Multiple Comparison Tests

  • ANOVA indicates at least one significant difference but does not specify which group means are different.

  • Purpose of Multiple Comparison Tests: Contrast pairs of means against critical value to identify significant differences.

Liberal vs Conservative Tests

  • Liberal Tests: More likely to find significant differences with means that are closer together. Higher power, increased chance of Type I error (e.g., Fisher’s LSD).

  • Conservative Tests: Require means to be further apart for significant differences. Lower power, fewer Type I errors (e.g., Scheffe’s comparison).

  • Balance Test: Tukey test (more conservative than SNK).

Post Hoc Multiple Comparisons

  • Post Hoc: All pairwise contrasts explored after significant ANOVA (unplanned).

  • Planned Comparisons: Set beforehand to examine specific pairs of means, even when ANOVA isn't significant.

ANOVA with Multifactorial Variables

  • Simple Effects: Separate analyses of each row or column within a factorial design.

  • Examines the effect of one independent variable at specific levels of another.

Nonparametric Statistics

  • Suitable for nominal or ordinal data, generally have lower power than parametric tests.

  • Key Features:

    • Do not assume normality of variance.

    • Often used with small samples.

  • Parametric vs Nonparametric Tests:

    • Unpaired T-test: Mann-Whitney U test (two independent groups).

    • Paired T-test: Sign test or Wilcoxon signed-ranks test (two related groups).

    • One Way ANOVA: Kruskal-Wallis ANOVA (three or more independent groups).

    • One Way Repeated Measures ANOVA: Friedman two way ANOVA (three or more related groups).

  • Useful when data is not normally distributed, has outliers, or fails homogeneity of variance assumptions.

  • Ranking Scores: Ranks data from smallest to largest (negative values considered smallest). Ties are assigned average ranks.

Module 7: Chi Square

Chi Square Basics

  • Purpose: Tests significance of proportions and determines if differences between observed and expected data are due to chance or relationships.

  • Assesses associations between categorical variables but does not imply causation.

  • Assumptions:

    • Data represent individual counts.

    • Categories are mutually exclusive.

    • No subject represented twice.

  • Hypothesis Testing:

    • If Chi-square > critical value → reject H0.

    • If Chi-square < critical value → fail to reject H0.

Goodness of Fit

  • Evaluates if observed data aligns with a specific distribution or expected proportions.

  • Hypothesis Testing: H0 states observed proportion does not differ from expected proportion.
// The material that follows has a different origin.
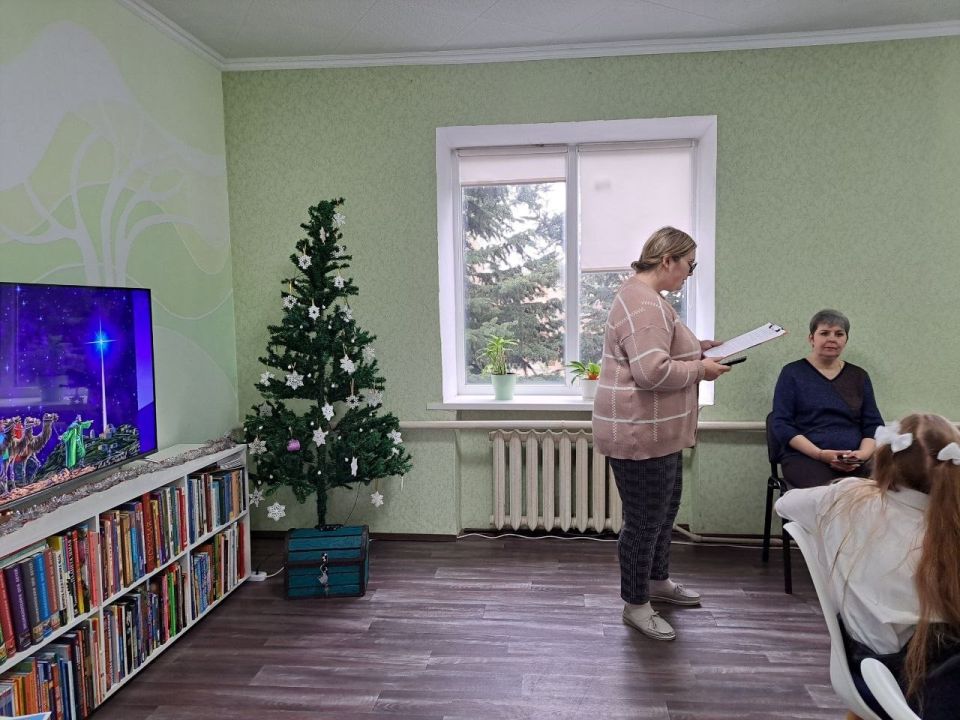 В Лутугинской библиотеке для детей прошел час интересных сообщений В Лутугинской библиотеке для детей прошел час интересных сообщений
  • Degrees of Freedom: df = k - 1 (number of categories).

Standardized Residuals

  • Identify which categories contribute most to the Chi-square value.

  • Formula: Residual = Observed - Expected, (Standardized Residual = Residual / √Expected).

  • Larger residuals = greater variation from expected

Independence Test

  • Examines association between two categorical variables.

  • Hypothesis Testing: H0 assumes no association.

  • Data is organized into contingency tables.

  • Degrees of Freedom: df = (rows - 1) × (columns - 1).

Correlation

  • Measures association between two variables.

  • Types of Relationships:

    • Positive: As X increases, Y increases.

    • Negative: As X increases, Y decreases.

  • Note: Does not imply causation.

Scatter Plots

  • Visual representation of data to clarify patterns.

  • Closer points to a straight line indicate stronger associations.

  • Outliers: Data points that lie outside the cluster.

Correlation Coefficient

  • Used to assess strength and direction of relationship between two variables.

  • Range: From -1.0 to +1.0.

  • The sign indicates direction, while 0 indicates no relationship.

Pearson Coefficient

  • Pearson r: Used for sample data and population parameters (p).

  • Applicable when X and Y are continuous variables, normally distributed, on interval/ratio scales.

  • Hypothesis Testing:

    • H0 states no relationship (p = 0).

    • HA states a relationship exists (p ≠ 0).

  • Spearman Rank Correlation Coefficient (rs): Nonparametric alternative to Pearson's coefficient, based on ranked data or ordinal data.

Module 8: Regression

Linear Regression

  • The correlation coefficient describes strength but not prediction.

  • Regression models predict outcomes based on shared variance.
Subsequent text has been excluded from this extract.